Fix Count	This is the number of transactions that are simultaneously accessing a page. If this value is 1 or higher, the page can't be replaced, whereas if it is 0, the page can be replaced.
Touch Count	This is the number of transactions that have accessed a page since it was loaded into a buffer. This value is used to determine whether the page is hot or cold.

Hash Table#

When the Altibase server receives a request for a page, it searches for the BCB of the page in the hash table in order to check whether the page has already been loaded into the buffer. The BCBs of all pages that are loaded into the buffer are registered in the hash table.

LRU (Least Recently Used) List#

This is used to determine which buffers have not been accessed for a long time so that they can be replaced first.

In Altibase, the LRU list is separated into hot and cold zones, and can thus be called a "hot-cold LRU list". Buffers that are accessed frequently are placed in the hot zone, whereas those that are not accessed frequently are placed in the cold zone. When a buffer needs to be replaced, only the cold zone is searched, meaning that hot buffers are not considered as replacement candidates.

When a page is first loaded into a buffer, it is inserted at the mid-point (LRU cold first) of the LRU list. When allocating a buffer to the new data page, if there are no free buffers in the prepare list, the end (LRU cold last) of this list is searched first, and a cold buffer is then replaced. The buffer that is replaced is called a "victim".

Buffers that are read frequently are moved to the "LRU hot first" position in the hot zone. Meanwhile, dirty buffers (buffers containing pages that have been updated but haven't been flushed to disk) are moved to the flush list. Additionally, clean buffers (buffers containing pages that haven't been updated) are designated as replacement buffers as long as they are not in the hot zone.

The relative size of the hot zone can be set using the HOT_LIST_PCT property.

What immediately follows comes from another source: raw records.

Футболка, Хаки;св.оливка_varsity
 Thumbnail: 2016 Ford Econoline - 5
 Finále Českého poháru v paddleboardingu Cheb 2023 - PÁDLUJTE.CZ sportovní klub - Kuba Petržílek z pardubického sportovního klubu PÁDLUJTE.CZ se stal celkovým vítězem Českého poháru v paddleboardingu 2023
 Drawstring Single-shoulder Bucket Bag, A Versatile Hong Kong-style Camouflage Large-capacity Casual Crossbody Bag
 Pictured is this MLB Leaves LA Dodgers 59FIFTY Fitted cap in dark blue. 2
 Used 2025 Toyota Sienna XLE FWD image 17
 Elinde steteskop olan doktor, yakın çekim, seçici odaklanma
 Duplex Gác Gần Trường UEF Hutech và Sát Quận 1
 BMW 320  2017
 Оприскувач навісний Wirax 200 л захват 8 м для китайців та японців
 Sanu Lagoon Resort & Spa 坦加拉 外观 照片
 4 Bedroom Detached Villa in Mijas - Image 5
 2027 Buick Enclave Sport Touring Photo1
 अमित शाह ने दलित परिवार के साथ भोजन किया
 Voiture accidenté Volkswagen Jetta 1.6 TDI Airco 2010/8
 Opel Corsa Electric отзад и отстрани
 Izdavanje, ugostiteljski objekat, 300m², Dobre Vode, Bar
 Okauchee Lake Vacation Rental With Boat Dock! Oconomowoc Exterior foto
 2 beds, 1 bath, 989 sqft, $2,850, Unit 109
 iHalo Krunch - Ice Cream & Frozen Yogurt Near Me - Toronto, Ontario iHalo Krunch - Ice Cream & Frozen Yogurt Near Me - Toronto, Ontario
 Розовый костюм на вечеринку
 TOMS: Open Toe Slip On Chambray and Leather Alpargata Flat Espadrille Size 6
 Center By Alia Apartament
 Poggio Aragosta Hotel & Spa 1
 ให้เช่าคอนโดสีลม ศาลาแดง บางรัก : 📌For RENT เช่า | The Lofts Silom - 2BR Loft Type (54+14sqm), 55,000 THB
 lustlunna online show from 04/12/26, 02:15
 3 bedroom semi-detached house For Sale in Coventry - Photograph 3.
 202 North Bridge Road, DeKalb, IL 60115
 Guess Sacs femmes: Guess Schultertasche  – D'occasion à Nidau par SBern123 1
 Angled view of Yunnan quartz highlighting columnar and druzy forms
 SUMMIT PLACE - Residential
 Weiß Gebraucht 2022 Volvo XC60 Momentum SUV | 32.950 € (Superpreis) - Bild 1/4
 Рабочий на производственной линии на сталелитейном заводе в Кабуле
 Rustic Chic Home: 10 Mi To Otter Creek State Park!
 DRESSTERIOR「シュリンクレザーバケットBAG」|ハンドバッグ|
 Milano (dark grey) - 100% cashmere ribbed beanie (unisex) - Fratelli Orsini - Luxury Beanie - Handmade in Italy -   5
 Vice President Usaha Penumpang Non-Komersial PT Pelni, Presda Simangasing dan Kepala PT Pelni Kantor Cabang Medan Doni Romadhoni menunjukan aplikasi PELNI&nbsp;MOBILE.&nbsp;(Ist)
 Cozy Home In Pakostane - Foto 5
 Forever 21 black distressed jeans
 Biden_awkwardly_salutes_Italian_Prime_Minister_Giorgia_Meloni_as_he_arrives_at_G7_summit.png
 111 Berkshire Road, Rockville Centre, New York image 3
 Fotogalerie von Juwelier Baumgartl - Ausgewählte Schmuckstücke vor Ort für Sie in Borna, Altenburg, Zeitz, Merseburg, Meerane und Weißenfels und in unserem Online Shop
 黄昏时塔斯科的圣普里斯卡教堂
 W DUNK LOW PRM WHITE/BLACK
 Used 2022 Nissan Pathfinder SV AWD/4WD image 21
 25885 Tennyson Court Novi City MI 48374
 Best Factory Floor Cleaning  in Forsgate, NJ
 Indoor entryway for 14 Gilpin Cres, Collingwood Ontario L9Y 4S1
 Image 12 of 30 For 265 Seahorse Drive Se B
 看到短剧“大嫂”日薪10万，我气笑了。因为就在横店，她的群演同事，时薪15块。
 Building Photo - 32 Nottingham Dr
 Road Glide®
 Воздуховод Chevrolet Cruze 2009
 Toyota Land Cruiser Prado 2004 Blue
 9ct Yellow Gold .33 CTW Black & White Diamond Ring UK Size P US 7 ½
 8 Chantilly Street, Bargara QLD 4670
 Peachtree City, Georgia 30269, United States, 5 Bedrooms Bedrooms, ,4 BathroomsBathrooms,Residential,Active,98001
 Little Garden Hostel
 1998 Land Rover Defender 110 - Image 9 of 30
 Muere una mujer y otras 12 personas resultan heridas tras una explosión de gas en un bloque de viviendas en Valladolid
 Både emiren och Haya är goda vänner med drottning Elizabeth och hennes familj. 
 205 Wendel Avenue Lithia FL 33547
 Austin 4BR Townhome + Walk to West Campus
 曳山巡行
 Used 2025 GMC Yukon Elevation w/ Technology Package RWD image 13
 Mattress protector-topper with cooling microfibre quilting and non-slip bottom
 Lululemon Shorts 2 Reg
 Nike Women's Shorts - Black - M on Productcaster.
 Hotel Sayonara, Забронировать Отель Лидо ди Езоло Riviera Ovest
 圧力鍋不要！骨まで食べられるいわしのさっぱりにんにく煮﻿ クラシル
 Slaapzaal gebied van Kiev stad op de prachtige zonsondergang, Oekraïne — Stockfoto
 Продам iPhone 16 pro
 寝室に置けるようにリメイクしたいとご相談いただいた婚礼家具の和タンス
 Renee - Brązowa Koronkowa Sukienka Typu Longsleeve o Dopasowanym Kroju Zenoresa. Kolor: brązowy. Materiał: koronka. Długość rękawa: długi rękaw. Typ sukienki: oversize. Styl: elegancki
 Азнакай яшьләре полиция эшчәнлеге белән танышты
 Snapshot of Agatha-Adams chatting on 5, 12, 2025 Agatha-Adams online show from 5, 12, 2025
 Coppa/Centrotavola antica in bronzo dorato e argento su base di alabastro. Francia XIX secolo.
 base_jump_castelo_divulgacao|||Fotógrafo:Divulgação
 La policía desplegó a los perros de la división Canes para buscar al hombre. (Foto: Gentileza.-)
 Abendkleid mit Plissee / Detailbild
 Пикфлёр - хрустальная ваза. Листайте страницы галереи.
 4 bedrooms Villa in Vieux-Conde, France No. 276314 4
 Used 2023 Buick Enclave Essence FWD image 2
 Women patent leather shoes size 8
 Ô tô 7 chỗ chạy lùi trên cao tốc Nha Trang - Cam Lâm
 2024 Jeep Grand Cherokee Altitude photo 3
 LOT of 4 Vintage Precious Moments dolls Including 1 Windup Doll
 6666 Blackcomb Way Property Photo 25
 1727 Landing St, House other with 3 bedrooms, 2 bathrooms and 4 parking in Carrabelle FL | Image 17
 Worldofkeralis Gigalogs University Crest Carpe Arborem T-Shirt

The default is 50, which means that half of the LRU list is used as the hot zone.

Flush List#

If dirty buffers are found while an LRU list is searched for buffers to replace, they are moved to the flush list. The flush list is a collection of buffers containing pages that have been updated but that hasn't been written to disk yet. However, not all dirty buffers are on the flush list. This is because they are moved to the flush list, not at the time point at which they are updated, but when the LRU list is searched for buffers to replace.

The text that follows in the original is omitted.